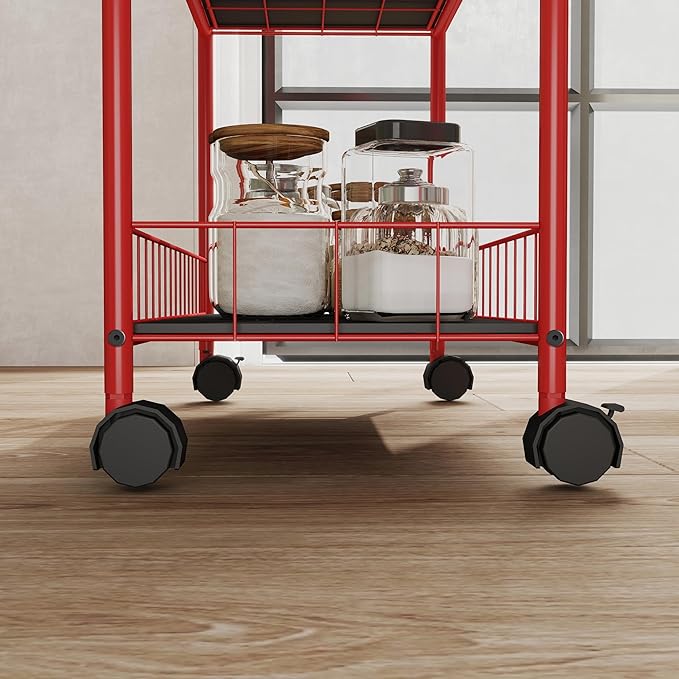 6 Tier Slim Storage Cart with Wheels Metal Rolling Organizer Utility Cart Narrow Mobile Shelving Unit Tiered Storage Shelf on Wheels for Kitchen Bathroom (Red, 10")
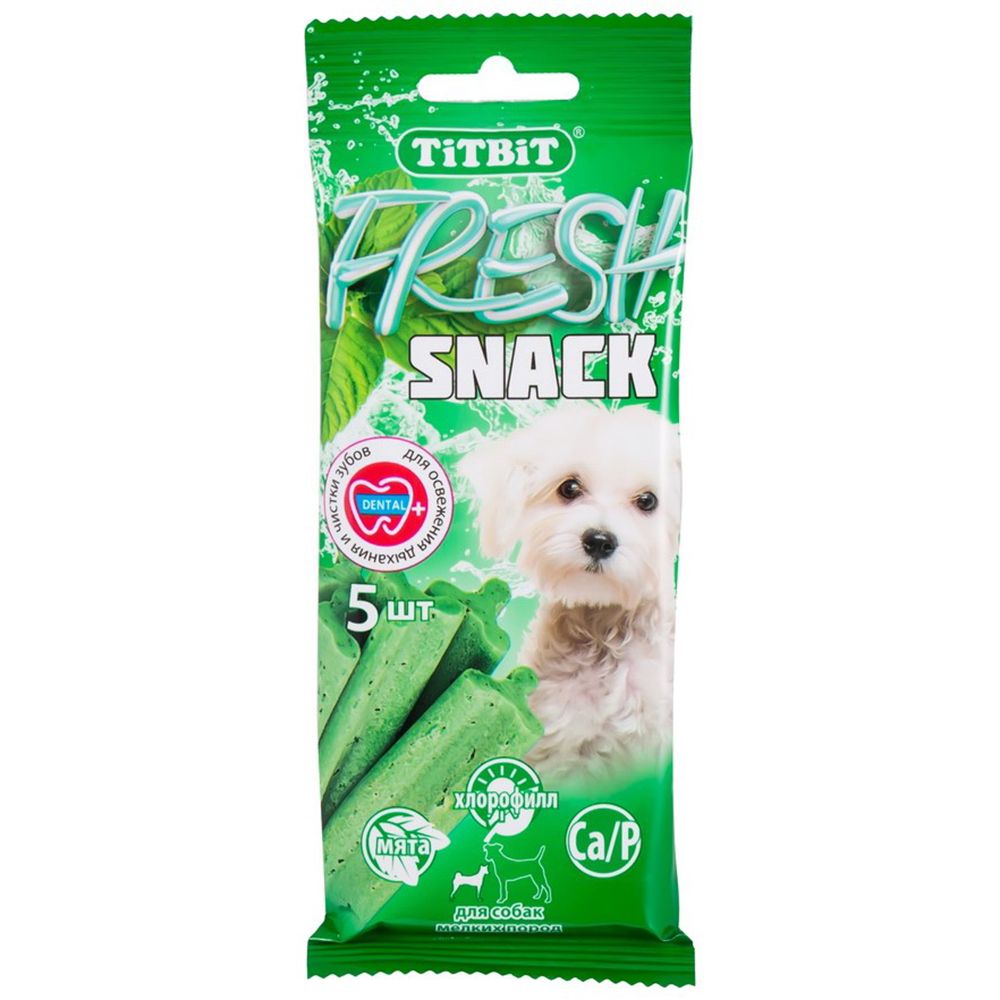 цена Лакомство для собак TITBIT Снеки Fresh для мелких пород (5 шт)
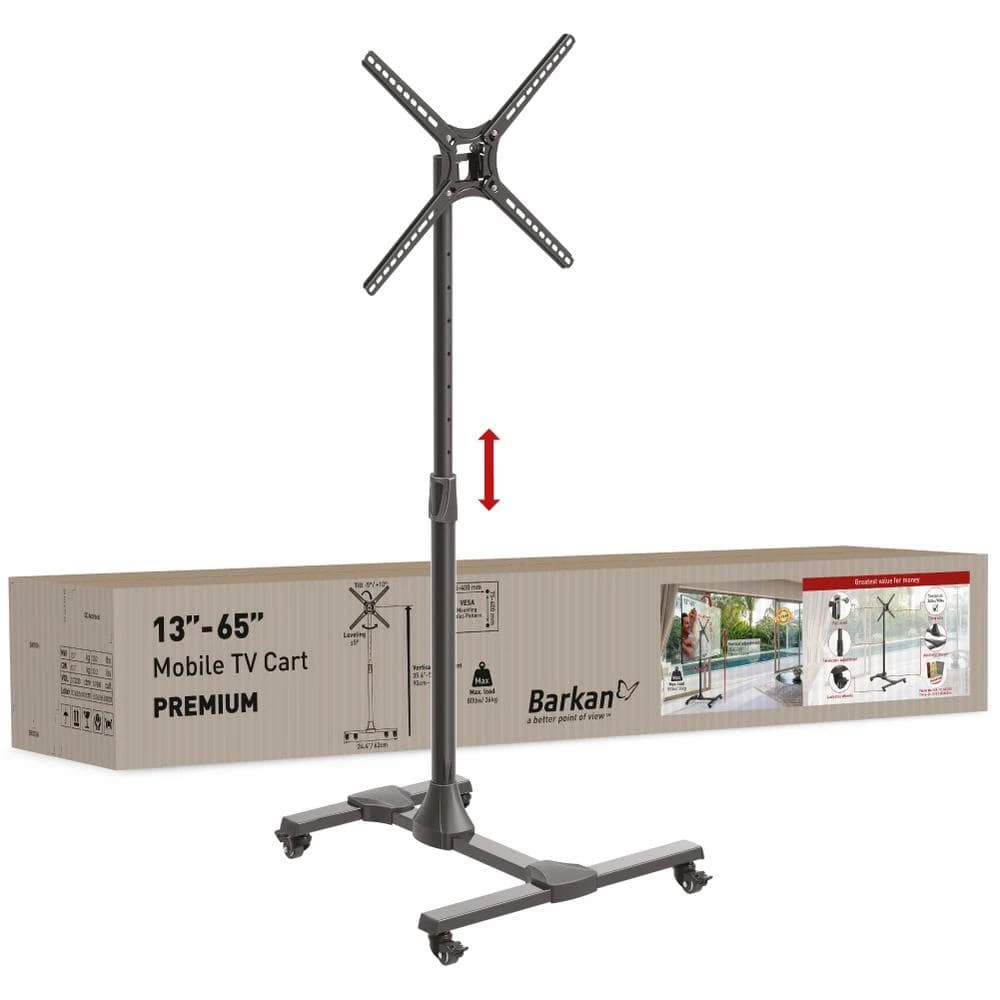 Barkan 13 in.- 65 in. Tilt Mobile TV Mount Cart Black Patented to Fit Various Screen Types Fall Proof by Barkan a Better Point of View 1 Barkan 13 in.- 65 in. Tilt Mobile TV Mount Cart Black Patented to Fit Various Screen Types Fall Proof by Barkan a Better Point of View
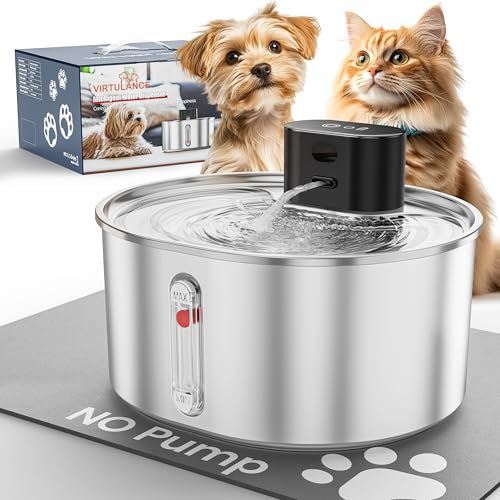 Virtulance Fuente de agua para gatos sin bomba con 3 filtros, fuente de agua inalámbrica de acero inoxidable para mascotas, dispensador automático inalámbrico, fuente que funciona con pilas con sensor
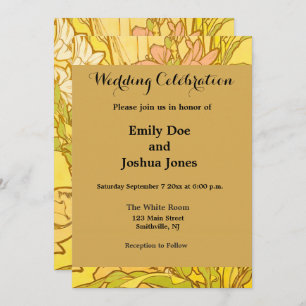 Alfonse Mucha Art Nouveau Lilien Blume Einladung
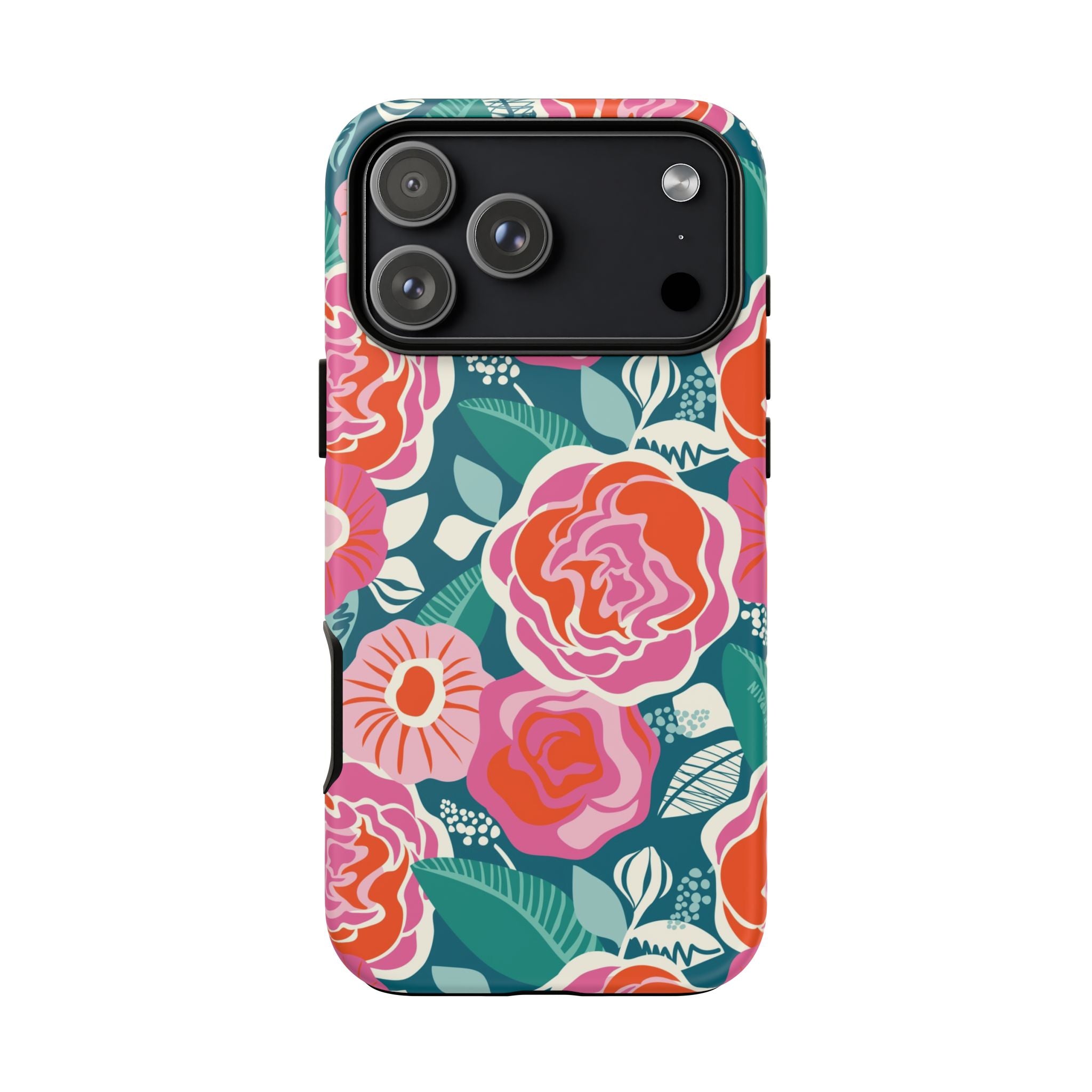 Tea Rose Teal Tough iPhone 17 Pro Max Case – Matte | teal, coral, pink botanical rose floral print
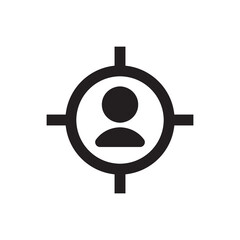 Obraz premium Solid Targeted User Profile Focus Marketing Icon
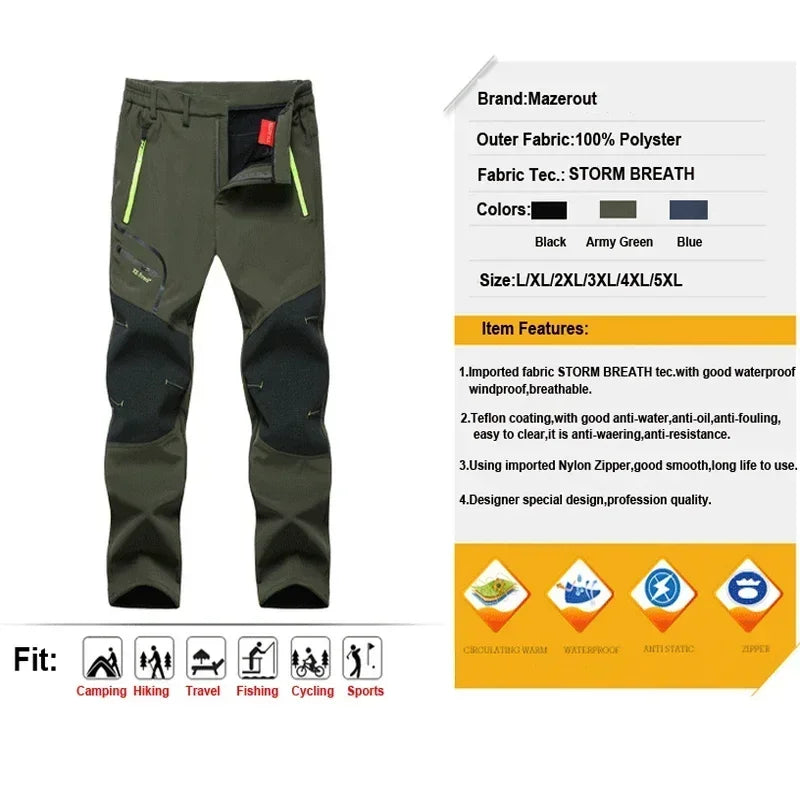 Men Winter New Warm Hiking Trekking Fishing Camping Climbing Trousers Oversize 6XL Waterproof Outdoor Women Cycling Fleece Pants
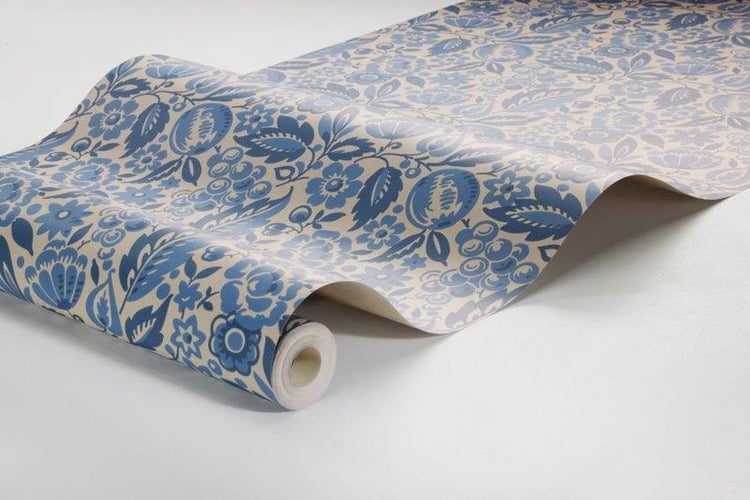 Borastapeter Tapete Blumen Graublau - 53 cm x 10.05 m - 660573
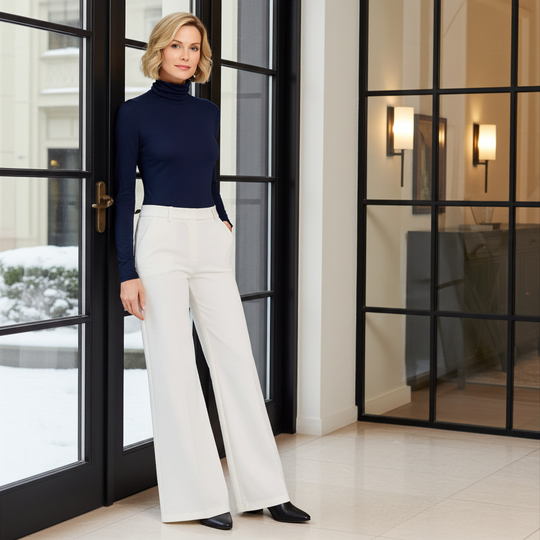 Woman in navy turtleneck and white pants standing in a modern interior setting.
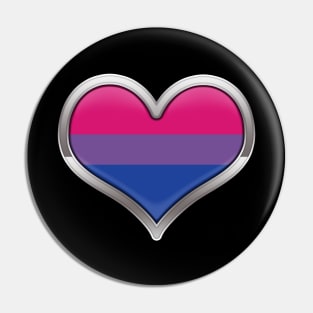 Large Bisexual Pride Flag Colored Heart with Chrome Frame. Pin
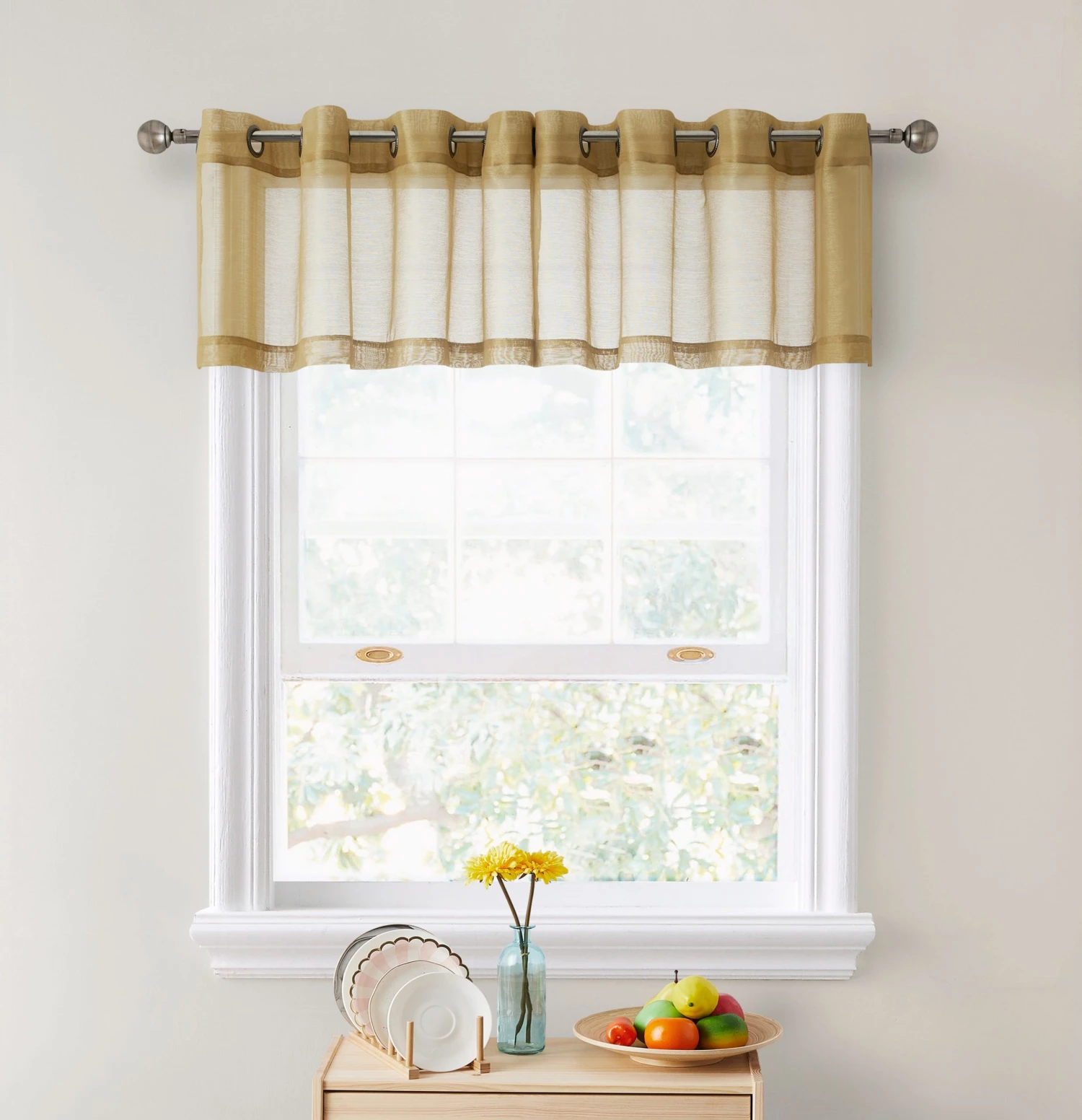 HLC.ME Lucento Sheer Grommet Valance - Taupe - Set Of 2 3 HLC.ME Lucento Sheer Grommet Valance - Taupe - Set Of 2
---------------
§ EXERCISE AIM:
Write the lines out again exactly, beginning at the one containing "View 1 Barkan" and ending with the last line of the entries, but without any pictures.

§ EXERCISE OUTPUT:
 Barkan 13 in.- 65 in. Tilt Mobile TV Mount Cart Black Patented to Fit Various Screen Types Fall Proof by Barkan a Better Point of View 1 Barkan 13 in.- 65 in. Tilt Mobile TV Mount Cart Black Patented to Fit Various Screen Types Fall Proof by Barkan a Better Point of View
 Virtulance Fuente de agua para gatos sin bomba con 3 filtros, fuente de agua inalámbrica de acero inoxidable para mascotas, dispensador automático inalámbrico, fuente que funciona con pilas con sensor
 Alfonse Mucha Art Nouveau Lilien Blume Einladung
 Tea Rose Teal Tough iPhone 17 Pro Max Case – Matte | teal, coral, pink botanical rose floral print
 Obraz premium Solid Targeted User Profile Focus Marketing Icon
 Men Winter New Warm Hiking Trekking Fishing Camping Climbing Trousers Oversize 6XL Waterproof Outdoor Women Cycling Fleece Pants
 Borastapeter Tapete Blumen Graublau - 53 cm x 10.05 m - 660573
 Woman in navy turtleneck and white pants standing in a modern interior setting.
 Large Bisexual Pride Flag Colored Heart with Chrome Frame. Pin
 HLC.ME Lucento Sheer Grommet Valance - Taupe - Set Of 2 3 HLC.ME Lucento Sheer Grommet Valance - Taupe - Set Of 2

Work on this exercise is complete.